Did you need to install resistors w/ the LEDs as it might trigger a dead bulb reading w/o it?


----------



## LiveTrash (May 24, 2015)

cdb09007 said:


> Did you need to install resistors w/ the LEDs as it might trigger a dead bulb reading w/o it?


It will trigger hyperflashing without a resistor. The car will think the bulb is dead due to its low current draw.


----------



## KY.JellyRS (Aug 14, 2015)

cdb09007 said:


> Did you need to install resistors w/ the LEDs as it might trigger a dead bulb reading w/o it?

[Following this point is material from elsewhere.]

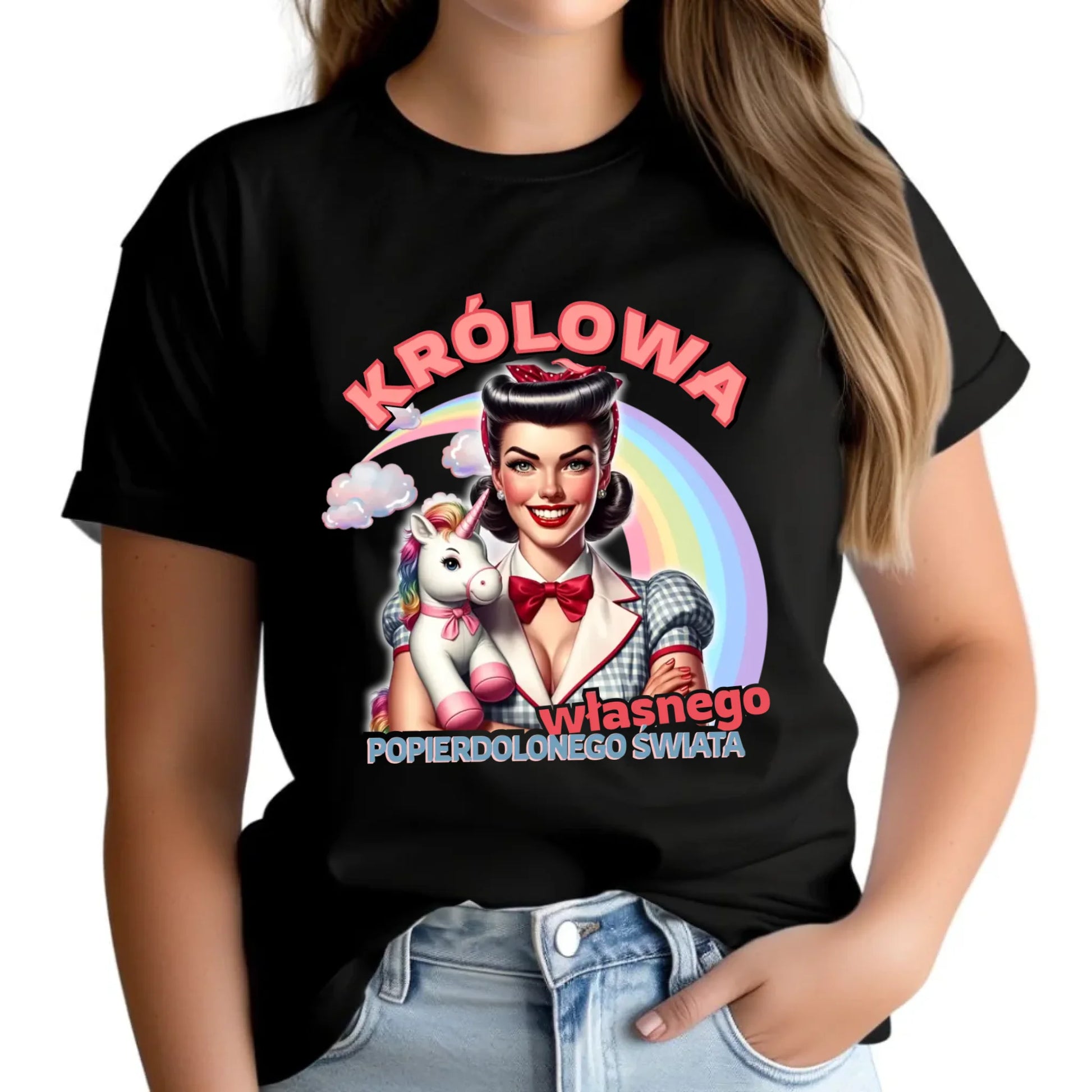 Śmieszna koszulka damska retro – Królowa własnego popierd*onego świata - bez cenzury DZ08 - StoryCups.pl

Actually man tbh I bought resistors just kinda expecting to have the hyperflashing problem but no I had no problems! Plugged them in and they flashed normal! I was shocked lol 


Sent from AutoGuide.com Free App


----------



## illroyale (May 25, 2014)

whered you buy em from?


----------



## LS2 BLAZER (Apr 12, 2015)

Let there be light!


----------



## KY.JellyRS (Aug 14, 2015)

illroyale said:


> whered you buy em from?


Both purchased off of Amazon
Sellers name is-JDM ASTAR

For the brake lights they are JDM ASTAR Super Bright (red) 3057-$19.99









Signals are JDM ASTAR Exteme Bright (amber) 7440-$29.99










Sent from AutoGuide.com Free App


----------



## jandree22 (Sep 19, 2011)

Thanks KY. If not too much trouble, any chance you could upload a video of the brake light on/off and turn signals? Interesting you had no need for resistors, please update if that ever changes (doubt it would). Very tempting...


----------



## KY.JellyRS (Aug 14, 2015)

jandree22 said:


> Thanks KY. If not too much trouble, any chance you could upload a video of the brake light on/off and turn signals? Interesting you had no need for resistors, please update if that ever changes (doubt it would). Very tempting...

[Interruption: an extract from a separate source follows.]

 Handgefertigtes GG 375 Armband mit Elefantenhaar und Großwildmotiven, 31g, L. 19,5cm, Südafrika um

[VIDEO]EEB2DCA8-558F-4CD0-946F-CDD2490AF4A4/IMG_2491.MOV[VIDEO] 

Still kinda new to the site so learning things as I go so I hope this works but there isn't a huge difference when the brake is hit but even with factory bulbs there was never a big difference in running to brake which was always a concern of mine but yeah it's a day time video but it shows the blinkers not hyperflashing! 

I wanna now somehow get the inside running lenses to brake with the outside! If anyone knows how you should reply 


Sent from AutoGuide.com Free App


----------



## KY.JellyRS (Aug 14, 2015)

EEB2DCA8-558F-4CD0-946F-CDD2490AF4A4/IMG_2491.MOV


Sent from AutoGuide.com Free App


----------



## neginfluence04 (May 14, 2015)

try uploading the video to you tube then copying the link anf oastinh it here


----------



## KY.JellyRS (Aug 14, 2015)

jandree22 said:


> Thanks KY. If not too much trouble, any chance you could upload a video of the brake light on/off and turn signals? Interesting you had no need for resistors, please update if that ever changes (doubt it would). Very tempting...


Figured it out!! Here you go!! 







Sent from AutoGuide.com Free App


----------



## jandree22 (Sep 19, 2011)

looks great, thank you!!


----------